# [RECORDED DATA]
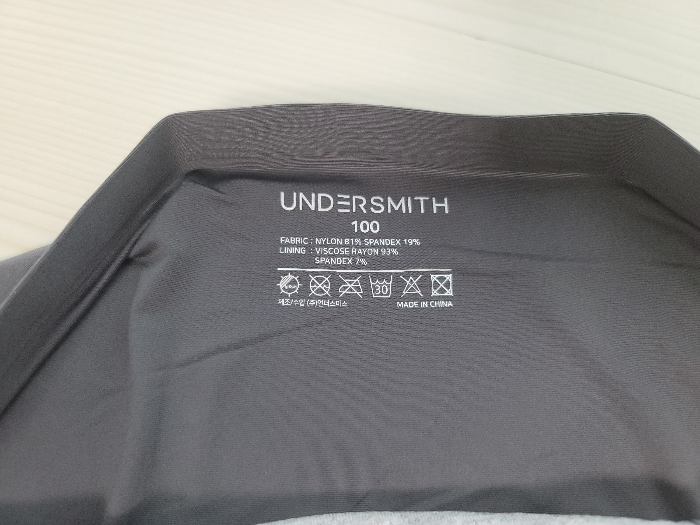 사이즈, 소재 및 세탁 방법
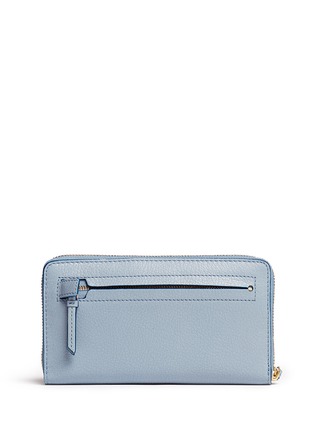 Figure View - Click To Enlarge - TORY BURCH - 'Brody' leather zip continental wallet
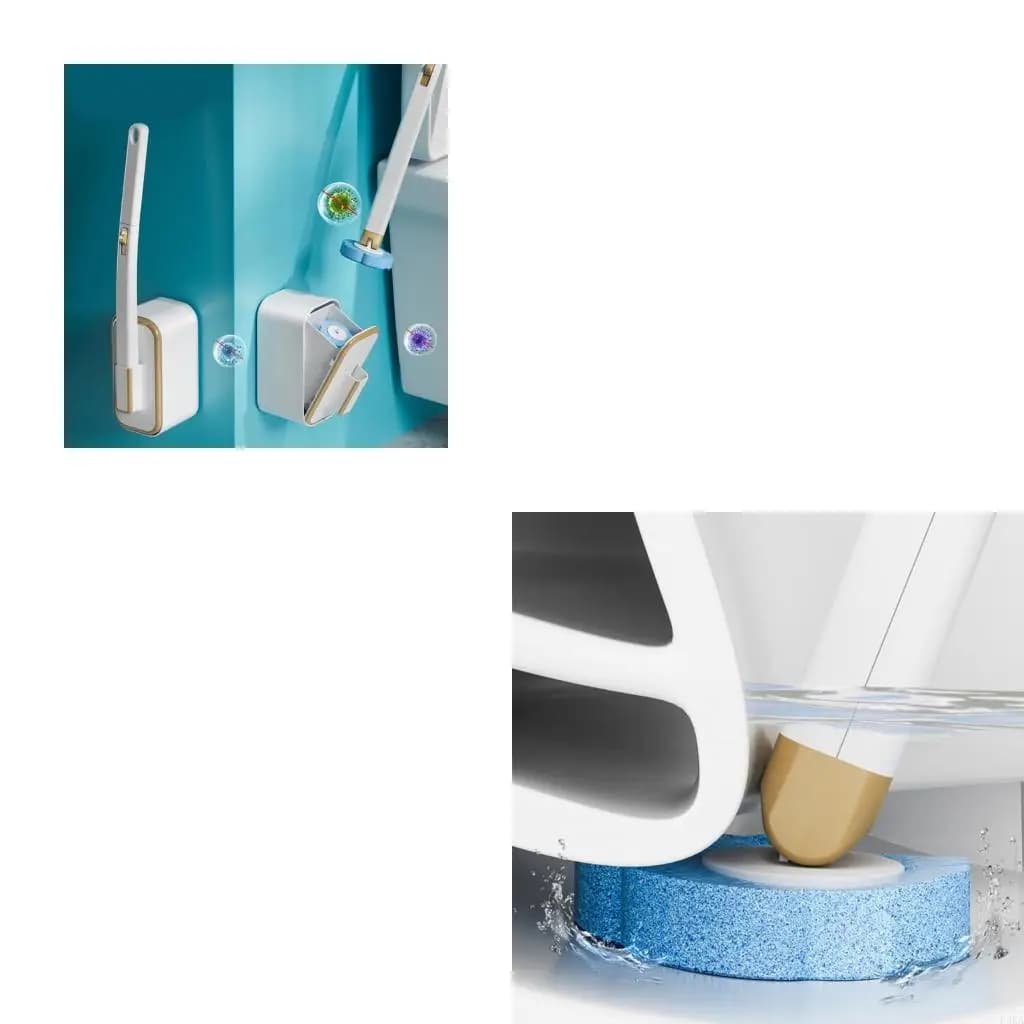 Pratica spazzola per WC con testina sostituibile Spazzola per il lavaggio della toilette del bagno Strumento per pulizia da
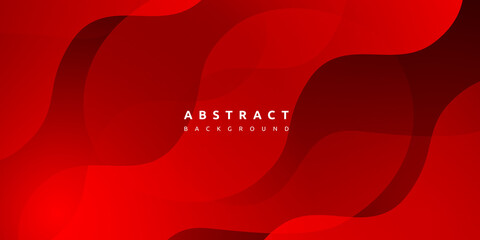 Abstract colorful red curve background	
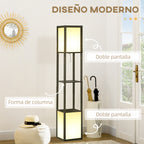 Dos pantallas de luz, una superior y otra inferior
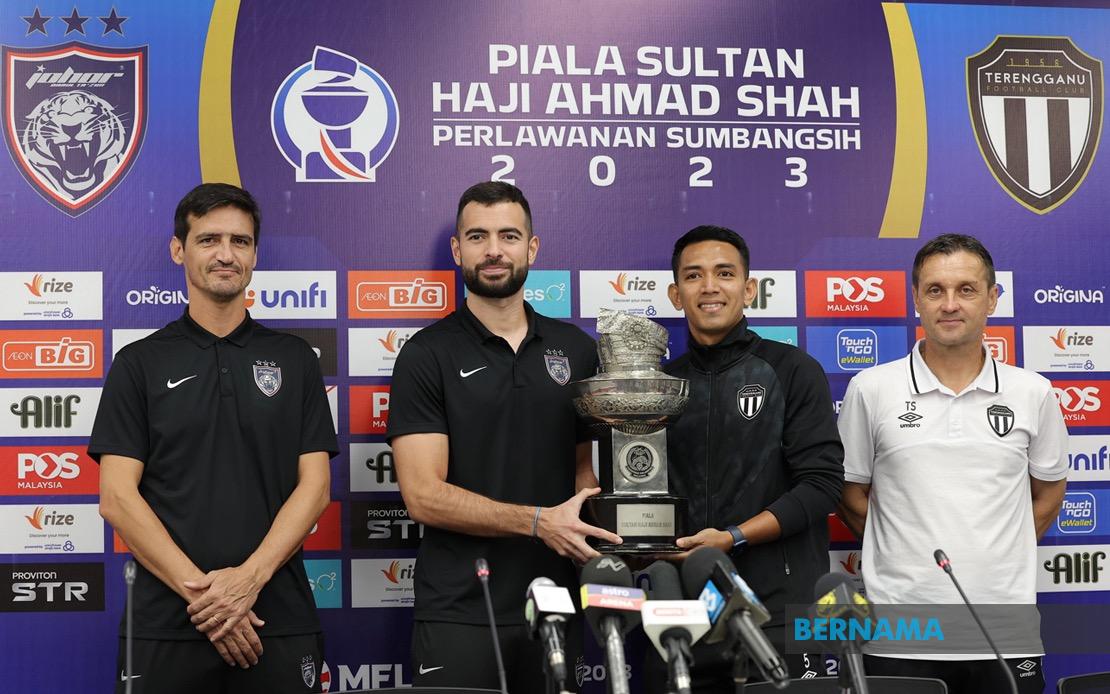 JDT optimis mampu pertahankan Piala Sultan Haji Ahmad Shah malam esok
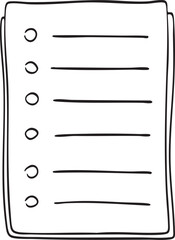 A simple notepad with several blank lines.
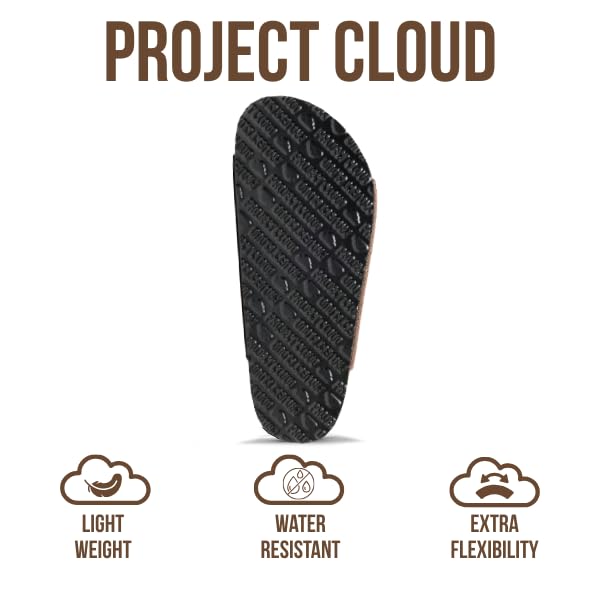 Project Cloud Women's | 100% Genuine Leather Womens Sandals | Memory Foam | Lightweight | Non-Slip - Venita Stud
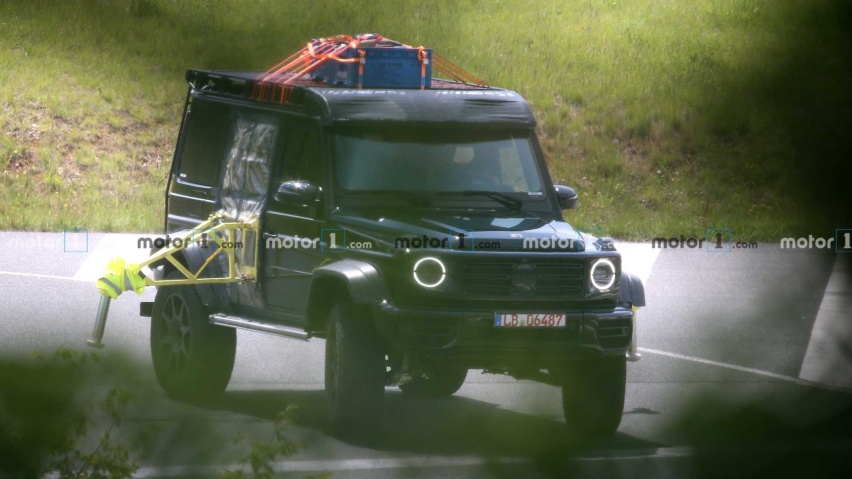 门式车桥正式回归，动力性能加码，全新奔驰G级4x4²曝光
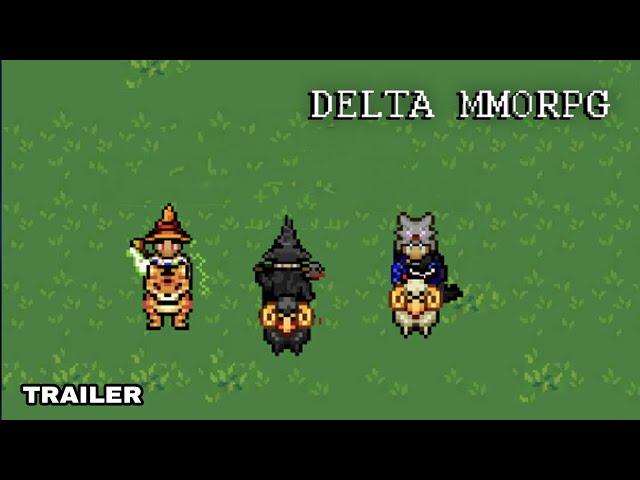 Delta MMORPG Teaser | This 2D Mobile "MMO Style RPG"  (With Mounts) Just Made Its Way to Steam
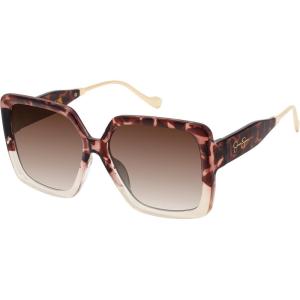imageJessica Simpson Womens J5839 Oversized Butterfly SunglassesTortoise Fade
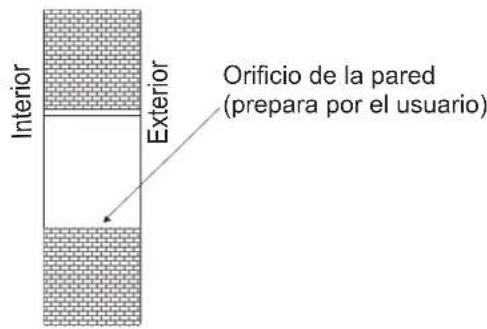 HISENSE APH12 - Perforar un orificio para el cobertor de la pared - 1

# [TASK PROMPT]
Above, find the line holding "Pratica spazzola per" and the line holding "Delta MMORPG Teaser". Print exactly those two lines and every line between them, but no pictures.

# [OUTPUT FOR THIS EXERCISE]
 Pratica spazzola per WC con testina sostituibile Spazzola per il lavaggio della toilette del bagno Strumento per pulizia da
 Abstract colorful red curve background	
 Dos pantallas de luz, una superior y otra inferior
 JDT optimis mampu pertahankan Piala Sultan Haji Ahmad Shah malam esok
 A simple notepad with several blank lines.
 Project Cloud Women's | 100% Genuine Leather Womens Sandals | Memory Foam | Lightweight | Non-Slip - Venita Stud
 门式车桥正式回归，动力性能加码，全新奔驰G级4x4²曝光
 Delta MMORPG Teaser | This 2D Mobile "MMO Style RPG"  (With Mounts) Just Made Its Way to Steam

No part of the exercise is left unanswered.